先日もお伝えしたKORGのiPad専用アプリ、KORG iELECTRIBE。アメリカでのiPad発売と同時にリリースされ、現在でも音楽ジャンルのアプリとして売り上げ1位を記録し続けている(4月23日現在)超人気ソフトとなっているようです。
実際に触ってみると、そのすごさ、面白さには驚かされるばかりですが、どうしてこんなに早く開発できたのか、ハードの楽器メーカーとして2300円という価格で発売して大丈夫なのか、楽器メーカーとしてiPadの音質をどのように見ているのかなど、気になることがいっぱいあったので、KORGの開発担当者、商品企画担当者にインタビューしてみました。
お話を伺ったのは株式会社コルグのiELECTRIBE開発チームリーダーの福田大徳さん、同じくiELECTRIBE開発チームの井上和士さん、そして商品企画を担当した佐藤隆弘さんの3人です(以下敬称略)。
不眠不休で3カ月で開発
--アメリカでiPad本体が発売される前日、iTunesのApp StoreでiELECTRIBEが発売となりましたが、すごい早さですよね。事前に何か情報が入っていて開発の準備をしていたのですか?
iELECTRIBEはアメリカでのiPad発売と同時にリリースされた
福田:さすがに、そのような情報はなかったですね。1月にAppleが発表して、はじめて知りました。とはいえ、以前から噂はありましたから、ずっとアンテナを張っていました。そこからは、寝食を惜しんで、まさに不眠不休で開発を行いました(笑)。とくに井上はすごくがんばってくれました。
佐藤:ずっとELECTRIBEを作りたかったんですよ、特に福田は(笑)。なので、iPadが発表されて、即、開発しようということになりました。まさにゼロからのスタートでした。
--発売価格も驚きでした。2300円、しかも6月30日まではキャンペーン価格の1200円というのは安すぎないですか?
佐藤:そう思いますか?できるだけ多くの人に、この新しい感覚を体験してもらいたいんです。
--でも、ハードウェアの楽器を作っているメーカーとして、現行製品と競合してしまったりしないのですか?
佐藤:iELECTRIBEは2003年に発売したドラムマシンであるELECTRIBE・R mk-IIをベースに作っています。よく誤解を受けるところですが、現行製品であるELECTRIBE・MXやELECTRIBE・SXとは異なる製品ですので、これらと直接競合するものではないと考えています。
iELECTRIBEにはマルチタッチデバイスが必要だった
--ELECTRIBEはなぜiPad用として登場し、これまでWindowsやMacなどのPC用としてリリースされなかったのですか?

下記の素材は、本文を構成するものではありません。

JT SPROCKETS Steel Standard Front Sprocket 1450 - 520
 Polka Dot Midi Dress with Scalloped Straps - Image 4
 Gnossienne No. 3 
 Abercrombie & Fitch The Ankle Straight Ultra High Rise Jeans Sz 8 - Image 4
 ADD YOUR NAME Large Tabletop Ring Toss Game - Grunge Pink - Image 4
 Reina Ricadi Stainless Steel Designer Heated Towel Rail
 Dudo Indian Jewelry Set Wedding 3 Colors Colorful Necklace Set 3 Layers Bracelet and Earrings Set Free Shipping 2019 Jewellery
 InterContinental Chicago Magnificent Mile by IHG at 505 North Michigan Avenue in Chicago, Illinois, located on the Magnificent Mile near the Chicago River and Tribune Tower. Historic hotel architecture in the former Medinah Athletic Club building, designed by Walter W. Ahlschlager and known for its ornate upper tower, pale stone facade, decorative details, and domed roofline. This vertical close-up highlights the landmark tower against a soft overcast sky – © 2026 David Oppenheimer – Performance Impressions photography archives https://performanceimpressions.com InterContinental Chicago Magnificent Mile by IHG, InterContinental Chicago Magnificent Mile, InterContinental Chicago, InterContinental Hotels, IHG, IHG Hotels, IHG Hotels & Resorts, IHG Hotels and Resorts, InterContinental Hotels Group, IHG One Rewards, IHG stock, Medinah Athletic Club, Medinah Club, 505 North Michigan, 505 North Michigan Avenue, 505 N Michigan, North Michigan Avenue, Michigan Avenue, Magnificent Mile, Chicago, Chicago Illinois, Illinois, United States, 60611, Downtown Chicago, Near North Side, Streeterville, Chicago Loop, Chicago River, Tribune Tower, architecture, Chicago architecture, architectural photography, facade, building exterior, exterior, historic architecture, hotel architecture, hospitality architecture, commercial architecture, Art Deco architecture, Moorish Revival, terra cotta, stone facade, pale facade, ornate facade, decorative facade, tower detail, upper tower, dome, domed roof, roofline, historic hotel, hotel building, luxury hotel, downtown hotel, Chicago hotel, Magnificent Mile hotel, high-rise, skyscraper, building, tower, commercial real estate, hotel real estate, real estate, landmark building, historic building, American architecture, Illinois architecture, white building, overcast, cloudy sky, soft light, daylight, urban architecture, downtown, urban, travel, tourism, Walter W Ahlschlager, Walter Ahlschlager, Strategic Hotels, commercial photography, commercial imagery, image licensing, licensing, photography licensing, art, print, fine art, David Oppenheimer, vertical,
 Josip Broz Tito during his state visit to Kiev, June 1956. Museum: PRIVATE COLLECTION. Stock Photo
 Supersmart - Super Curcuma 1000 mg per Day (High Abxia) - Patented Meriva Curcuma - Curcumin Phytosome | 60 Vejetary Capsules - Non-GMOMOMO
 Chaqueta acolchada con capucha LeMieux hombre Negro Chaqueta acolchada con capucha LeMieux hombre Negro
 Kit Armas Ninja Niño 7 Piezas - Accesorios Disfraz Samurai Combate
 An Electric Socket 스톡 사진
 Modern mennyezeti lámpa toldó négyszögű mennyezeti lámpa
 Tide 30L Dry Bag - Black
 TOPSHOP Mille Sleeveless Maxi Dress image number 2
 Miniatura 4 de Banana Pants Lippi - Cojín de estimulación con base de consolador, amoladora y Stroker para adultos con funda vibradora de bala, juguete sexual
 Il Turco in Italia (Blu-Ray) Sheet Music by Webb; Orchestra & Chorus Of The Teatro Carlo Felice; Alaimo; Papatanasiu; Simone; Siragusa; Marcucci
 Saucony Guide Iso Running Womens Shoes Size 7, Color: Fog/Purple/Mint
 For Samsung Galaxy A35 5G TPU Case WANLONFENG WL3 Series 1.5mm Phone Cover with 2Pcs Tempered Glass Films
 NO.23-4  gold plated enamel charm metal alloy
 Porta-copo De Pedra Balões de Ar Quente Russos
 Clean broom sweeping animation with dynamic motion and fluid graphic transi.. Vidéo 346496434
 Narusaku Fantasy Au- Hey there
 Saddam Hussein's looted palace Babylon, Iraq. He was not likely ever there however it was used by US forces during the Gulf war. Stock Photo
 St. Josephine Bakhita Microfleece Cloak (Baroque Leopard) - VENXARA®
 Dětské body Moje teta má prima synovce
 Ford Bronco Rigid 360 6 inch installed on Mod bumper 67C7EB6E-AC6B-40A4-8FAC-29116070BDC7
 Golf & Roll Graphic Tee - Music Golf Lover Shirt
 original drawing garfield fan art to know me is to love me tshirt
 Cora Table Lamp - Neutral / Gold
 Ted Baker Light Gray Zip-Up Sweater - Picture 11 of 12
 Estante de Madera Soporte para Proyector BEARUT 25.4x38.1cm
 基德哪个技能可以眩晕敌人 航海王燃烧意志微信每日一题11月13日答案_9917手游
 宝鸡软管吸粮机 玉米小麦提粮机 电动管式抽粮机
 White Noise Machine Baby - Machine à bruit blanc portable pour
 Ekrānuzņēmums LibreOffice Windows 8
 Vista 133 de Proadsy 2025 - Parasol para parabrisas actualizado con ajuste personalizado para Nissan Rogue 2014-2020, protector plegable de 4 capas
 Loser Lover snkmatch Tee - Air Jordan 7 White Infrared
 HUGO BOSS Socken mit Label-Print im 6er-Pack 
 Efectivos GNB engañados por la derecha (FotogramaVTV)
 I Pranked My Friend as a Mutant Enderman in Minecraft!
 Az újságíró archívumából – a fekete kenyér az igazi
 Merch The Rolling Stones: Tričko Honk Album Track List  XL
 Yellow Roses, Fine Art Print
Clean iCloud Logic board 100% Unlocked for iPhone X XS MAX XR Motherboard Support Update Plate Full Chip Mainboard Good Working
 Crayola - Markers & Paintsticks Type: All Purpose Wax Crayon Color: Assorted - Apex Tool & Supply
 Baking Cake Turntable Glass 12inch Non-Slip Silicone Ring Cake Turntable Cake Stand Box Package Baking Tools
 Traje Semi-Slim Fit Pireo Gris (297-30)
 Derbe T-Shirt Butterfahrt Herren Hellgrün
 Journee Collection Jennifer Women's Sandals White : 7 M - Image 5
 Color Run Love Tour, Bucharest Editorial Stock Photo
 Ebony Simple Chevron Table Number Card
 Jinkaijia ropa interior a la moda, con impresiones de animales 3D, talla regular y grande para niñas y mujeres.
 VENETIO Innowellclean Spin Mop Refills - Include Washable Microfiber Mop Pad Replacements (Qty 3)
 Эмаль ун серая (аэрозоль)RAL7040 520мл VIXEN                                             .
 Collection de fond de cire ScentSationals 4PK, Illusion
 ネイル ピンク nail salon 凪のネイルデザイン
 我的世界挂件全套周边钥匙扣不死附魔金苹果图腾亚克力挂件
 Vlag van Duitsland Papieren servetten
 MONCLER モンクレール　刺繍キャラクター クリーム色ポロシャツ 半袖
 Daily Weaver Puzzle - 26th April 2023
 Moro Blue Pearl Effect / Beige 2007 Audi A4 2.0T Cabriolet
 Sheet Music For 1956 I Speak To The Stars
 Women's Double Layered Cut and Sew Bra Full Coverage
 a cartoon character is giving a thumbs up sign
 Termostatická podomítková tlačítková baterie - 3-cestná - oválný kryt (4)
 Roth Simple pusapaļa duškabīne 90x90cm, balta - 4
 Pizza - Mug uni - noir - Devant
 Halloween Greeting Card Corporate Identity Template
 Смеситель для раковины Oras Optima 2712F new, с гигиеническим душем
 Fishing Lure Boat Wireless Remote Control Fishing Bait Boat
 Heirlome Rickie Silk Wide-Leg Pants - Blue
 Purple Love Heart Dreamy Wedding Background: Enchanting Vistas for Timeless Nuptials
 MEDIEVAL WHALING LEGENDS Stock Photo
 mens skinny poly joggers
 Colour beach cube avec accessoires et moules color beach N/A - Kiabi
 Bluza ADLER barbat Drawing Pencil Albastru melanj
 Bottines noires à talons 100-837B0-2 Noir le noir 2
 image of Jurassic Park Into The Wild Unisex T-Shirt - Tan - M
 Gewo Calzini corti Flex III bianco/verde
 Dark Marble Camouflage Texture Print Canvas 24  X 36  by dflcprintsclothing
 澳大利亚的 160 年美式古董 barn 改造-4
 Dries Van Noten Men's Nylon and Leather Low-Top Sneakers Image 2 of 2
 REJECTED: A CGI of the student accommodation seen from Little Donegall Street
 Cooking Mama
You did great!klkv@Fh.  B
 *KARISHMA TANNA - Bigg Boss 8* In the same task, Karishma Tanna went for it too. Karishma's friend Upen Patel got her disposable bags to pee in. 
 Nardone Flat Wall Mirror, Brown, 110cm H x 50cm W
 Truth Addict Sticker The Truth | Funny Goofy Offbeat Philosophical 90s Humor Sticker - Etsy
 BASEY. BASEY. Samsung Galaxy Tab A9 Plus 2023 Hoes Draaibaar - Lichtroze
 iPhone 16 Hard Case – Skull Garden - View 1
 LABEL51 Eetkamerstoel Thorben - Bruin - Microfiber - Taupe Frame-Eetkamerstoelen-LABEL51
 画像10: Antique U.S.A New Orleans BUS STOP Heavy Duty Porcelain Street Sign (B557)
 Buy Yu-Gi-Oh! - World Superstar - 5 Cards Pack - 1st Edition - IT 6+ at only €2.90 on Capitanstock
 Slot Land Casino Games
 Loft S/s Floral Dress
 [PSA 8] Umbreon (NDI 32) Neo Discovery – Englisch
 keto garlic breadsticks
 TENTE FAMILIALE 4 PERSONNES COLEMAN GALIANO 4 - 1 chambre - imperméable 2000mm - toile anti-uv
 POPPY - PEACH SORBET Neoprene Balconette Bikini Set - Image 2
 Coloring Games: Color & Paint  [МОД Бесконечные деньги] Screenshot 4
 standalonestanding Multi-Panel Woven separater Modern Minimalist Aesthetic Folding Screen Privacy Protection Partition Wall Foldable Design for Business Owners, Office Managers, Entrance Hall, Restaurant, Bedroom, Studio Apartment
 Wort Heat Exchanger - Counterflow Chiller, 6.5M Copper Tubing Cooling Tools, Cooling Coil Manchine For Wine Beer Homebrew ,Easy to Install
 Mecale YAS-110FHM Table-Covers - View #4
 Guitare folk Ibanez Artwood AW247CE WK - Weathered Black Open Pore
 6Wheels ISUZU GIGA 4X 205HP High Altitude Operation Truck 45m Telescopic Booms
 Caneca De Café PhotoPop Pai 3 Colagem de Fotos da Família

福田:マウスやコントローラーの操作では、複数の操作子を直感的にコントロールするELECTRIBEの良さが失われてしまうということに尽きます。ELECTRIBEを実現するにはタッチデバイス、それもマルチタッチに対応したデバイスが必要であり、ようやくそれを可能にするiPadが登場したというわけです。
--マルチタッチのデバイスとは?
井上:複数箇所のタッチを検知するデバイスという意味です。iPadは最大11点を同時に検知できるようになっているので、本当にデバイスとして困ることがありません。
iPadは11点を検知するマルチタッチデバイスとなっている
--確かに、ハードウェアのドラムマシン、シンセサイザを使っている感覚で操作できますね。気になったのがノブの操作です。これまでPC上のソフトではマウスで操作するため、どうしても扱いづらいものでした。せっかくタッチデバイスになったのだから、指でつまんで回すようにはできなかったのですか?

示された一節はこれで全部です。